→ **Dataset excerpt**:
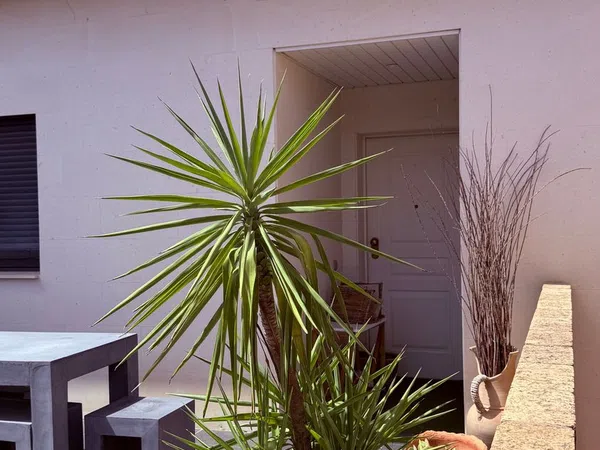Chalet adosado en Calle de Biel, 55, Valdefierro - Foto 5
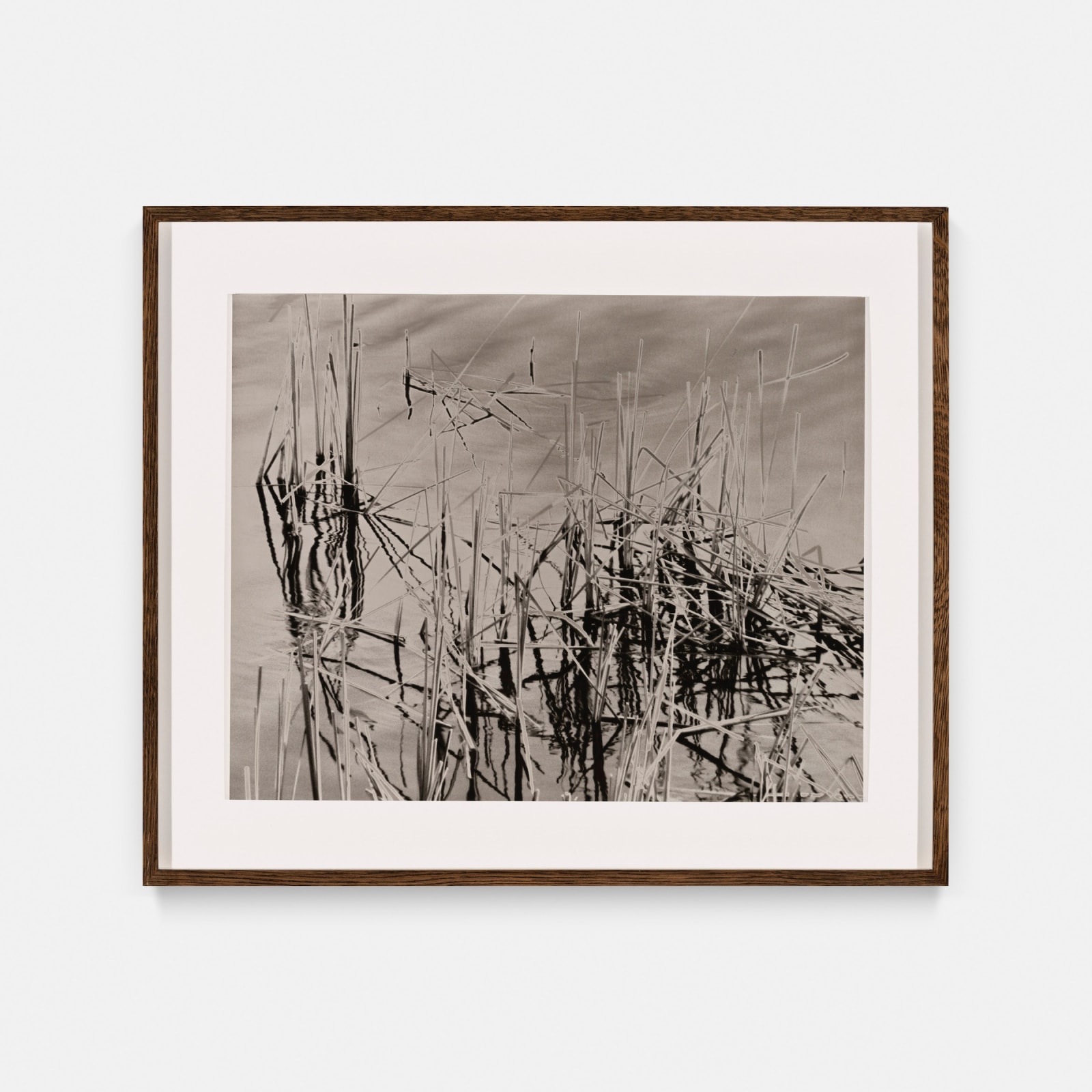 João Penalva - Reeds (I)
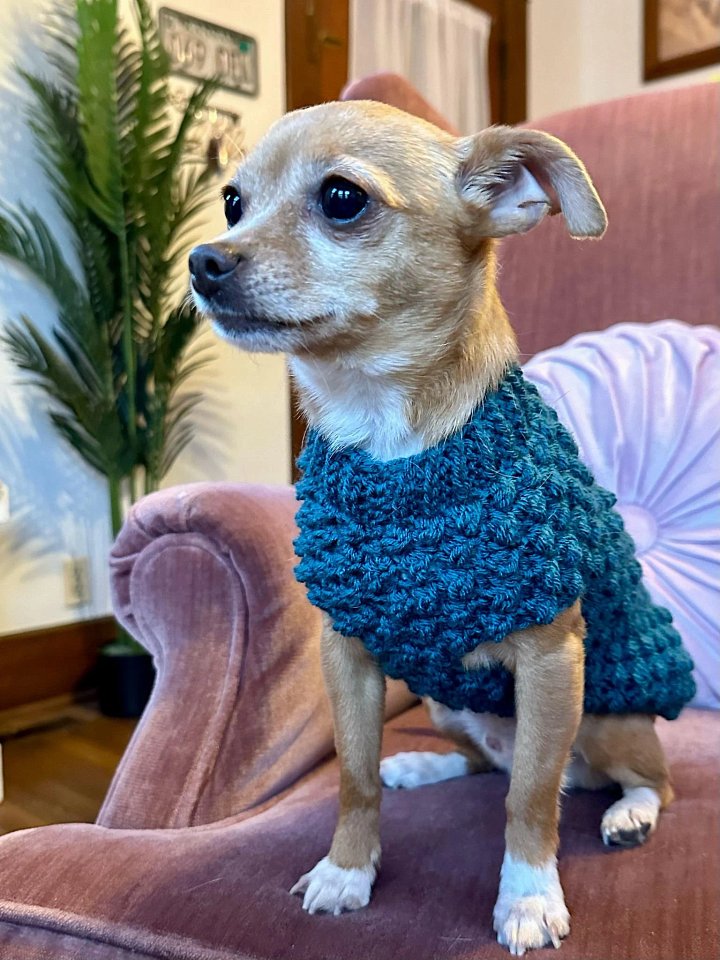 Tiny Berry Dog Sweater Crochet Pattern product image (2)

→ **What needs to be done**:
Exactly as written, restate the lines from the one that contains "João Penalva - Reeds (I)" through the final line of the data, both ends included, but leave out the pictures.

→ **Answer below**:
 João Penalva - Reeds (I)
 Tiny Berry Dog Sweater Crochet Pattern product image (2)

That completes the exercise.